Both local and systemic effects are thought to promote follicular recruitment, maturation and subsequent ovulation following LOD in women with PCOS and anovulation. The rationale is to destroy ovarian androgen-producing tissue and reduce the peripheral conversion of androgens to oestrogens. The fall in serum oestrogens causes a resultant rise in FSH which stimulates the ovaries and promotes follicular recruitment. The Cochrane review comparing gonadotropins with LOD in women with CC-resistant PCOS found that there was no difference between the two options in terms of live birth rate, long-term cost and quality of life. Laparoscopic ovarian drilling was associated with significantly lower multiple pregnancy rate compared to gonadotropins (OR 0.13; 95% CI 0.03 to 0.52) and short-term treatment costs (P < 0.00001) [18]. In addition to CC-resistant PCOS, LOD may be useful for women who are unable to comply with the intensive ultrasound monitoring needed with gonadotropin treatment. The minimum effective (intervention/dose) should be used for ovarian drilling to achieve ovulation and minimise the risk of ovarian damage and potential effect on ovarian reserve. There is inconsistent evidence on the minimum effective (intervention/dose) to achieve ovulation and minimise the risk of ovarian damage when using LOD, and the potential effect on ovarian reserve requires further investigation [14].
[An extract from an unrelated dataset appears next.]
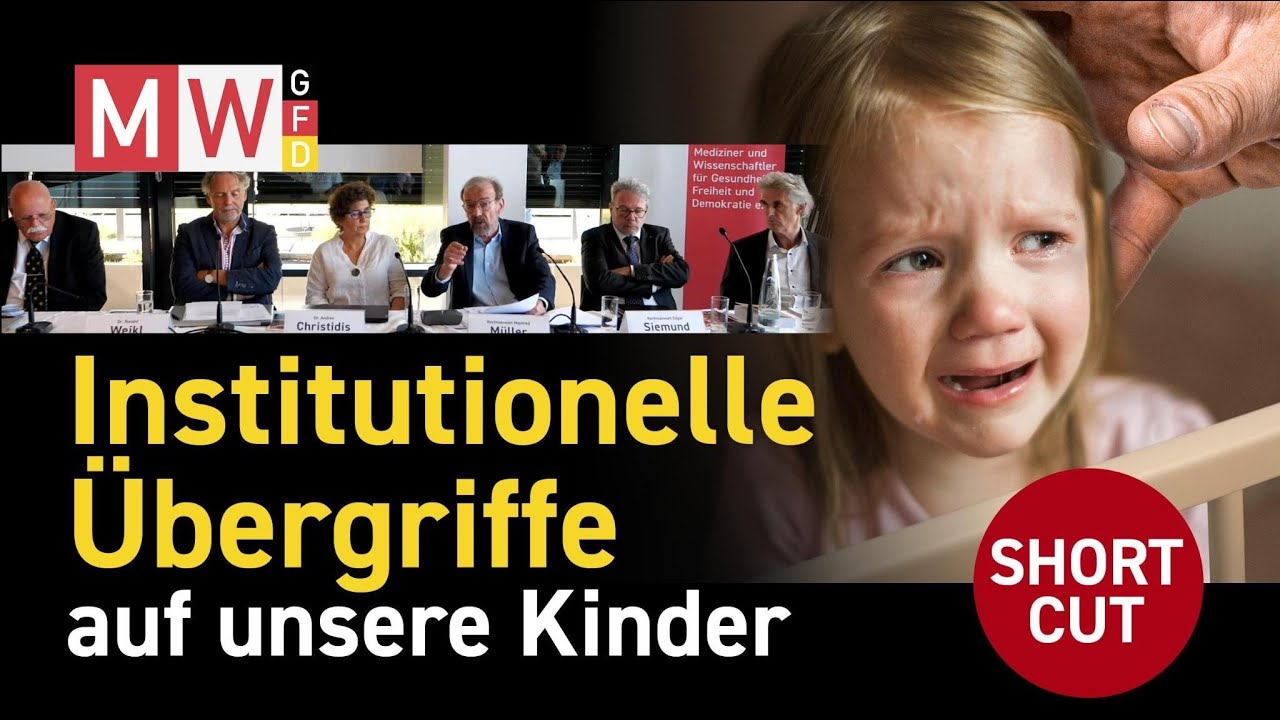 Kindeswohlgefährdung durch den Staat! „Institutionelle Übergriffe auf unsere Kinder“ – Kurzfassung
2.2.5 Gonadotrophins for Ovulation Induction in PCOS
Use of gonadotrophins for ovulation induction is indicated in women who have failed to conceive despite evidence of ovulation following alternative treatments or in women with CC-resistant PCOS. This strategy is potentially associated with a high risk of multiple pregnancy, which necessitates intensive ultrasound monitoring and strict cycle cancellation criteria. The aim is to achieve successful unifollicular ovulation and avoid multiple pregnancy as well as ovarian hyperstimulation syndrome (OHSS).
Treatment strategies such as the step-up regime, step-down regime and low-dose step-up regimes have been advocated to enhance the effectiveness of gonadotropin ovulation induction with minimal side effects (Figure 2.5).